Phosphorus Management and Legacy Phosphorus

About 35 scientists and others affiliated with the Southern Extension and Research Activity (SERA 17) group met in person (with some remote attendees) in San Antonio on November 14 to hear presentations of recent research and updates about the group’s activities. Here we summarize for our readers a subset of the research presentations, which addressed the use of critical source areas in managing phosphorus, the terminology we use to describe “legacy phosphorus”, and legacy phosphorus drawdown experiments.

Critical Source Areas

Dr. Rich McDowell (Lincoln University, NZ) began the day’s talks by discussing the concept of critical source areas to improve water quality. A critical source area is a landscape feature that contributes disproportionate levels of some pollutant, in our case, phosphorus, to waterways. (The size of these areas can change with saturation, leading to the concept of “variable source areas”.) One policy approach to nutrient loss reduction is to identify these areas and focus actions to reduce nutrient losses, thereby making actions more cost-effective than an untargeted approach. This approach is embodied in the P-indices used across many US states with mixed results for water quality, at least in part because there is considerable variability in how P-indices are defined, implemented and enforced.

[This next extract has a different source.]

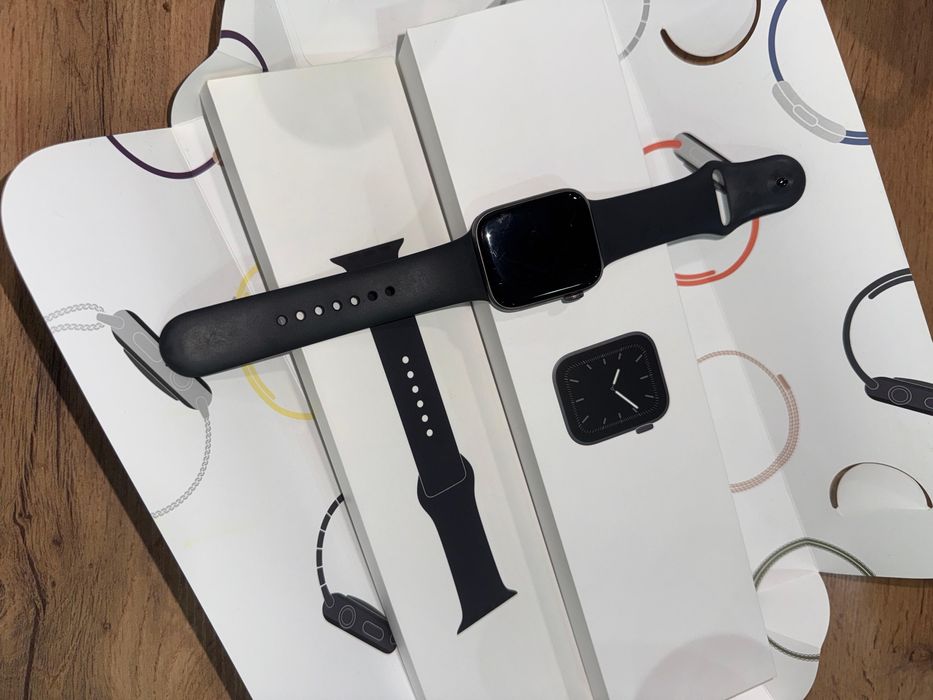 Apple Watch 5 44mm СРОЧНО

McDowell described how alternative approaches don’t always work. Simply setting soil test phosphorus thresholds for farms doesn’t always work for reducing phosphorus losses because the landscape interacts with the hydrology of the system, i.e. variations in how water flows across different areas of a landscape and connects to downstream waters can lead to differences in nutrient loads from soils that have the same soil test phosphorus levels. Likewise, simply requiring phosphorus balances of farms (balancing inputs and outputs) doesn’t always achieve the desired reductions because phosphorus losses vary greatly according to hydrological processes not captured by balances, such as streambank erosion and large amounts of runoff from phosphorus deficient soils that sum to large loads.

In McDowell’s New Zealand context, farmers are required to develop freshwater farm plans underpinned by the identification of critical source areas where cost-effective measures can then be targeted. Implementation of best management practices that target these CSAs are then audited every few years. Through long-term catchment-scale studies, McDowell and collaborators were able to demonstrate that implementing practices in this way did, in fact, reduce nutrient loads.

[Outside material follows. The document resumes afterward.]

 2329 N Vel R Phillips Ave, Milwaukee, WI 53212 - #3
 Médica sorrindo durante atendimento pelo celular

However, a more typical use-case is not at the catchment scale, but at the field/farm scale, and this was evidenced by a survey of 55 internationally published studies of P losses from CSAs that his team identified in the literature. At larger scales, other transport processes can dominate the flows coming from critical source areas. Similarly, in a flat, featureless landscape, average losses across the landscape tend to dominate those from a critical source (and such areas are harder to identify than in topographically varied areas). Moreover, McDowell noted that 50% of global P loss comes from the top 10% of discharge events. Such events can flood entire landscapes, and the runoff from CSAs is overwhelmed by cross-catchment runoff. This issue will become more salient as climate change leads to more such events.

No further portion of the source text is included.